═════ AVAILABLE DATA
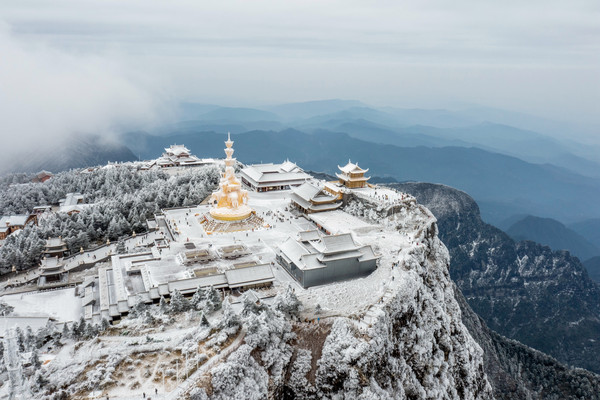 冬季的峨眉山，风景好迷人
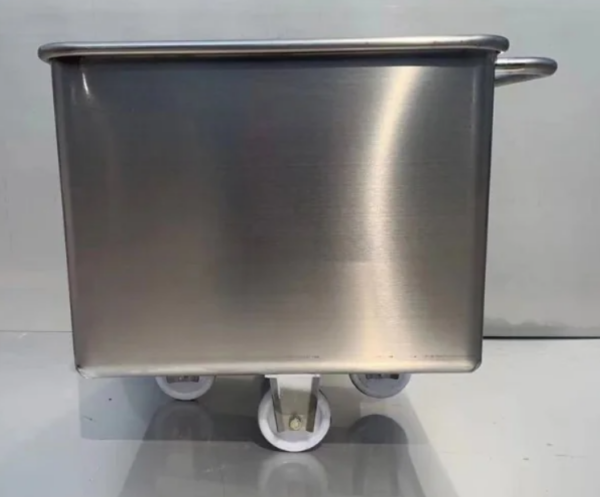Custom-01-600x497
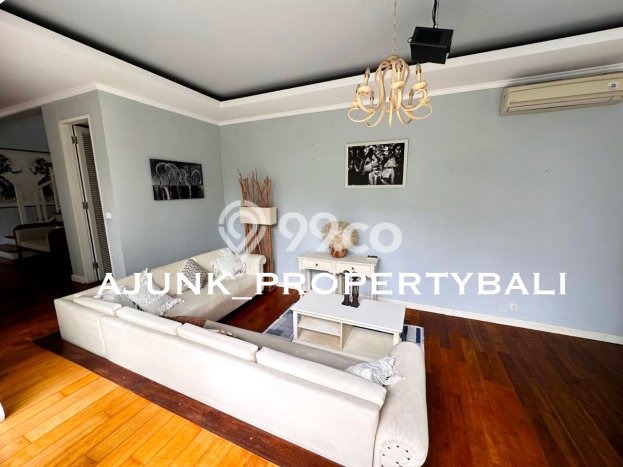 Jual Segera! Vila Kawasan , Ukuran 260m2m², Area Berkembang dengan potensi naik Jual Segera! Vila Kawasan , Ukuran 260m2m², Area Berkembang dengan potensi naik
══════════
Return the full listing above exactly as written, and omit the pictures.

 冬季的峨眉山，风景好迷人
Custom-01-600x497
 Jual Segera! Vila Kawasan , Ukuran 260m2m², Area Berkembang dengan potensi naik Jual Segera! Vila Kawasan , Ukuran 260m2m², Area Berkembang dengan potensi naik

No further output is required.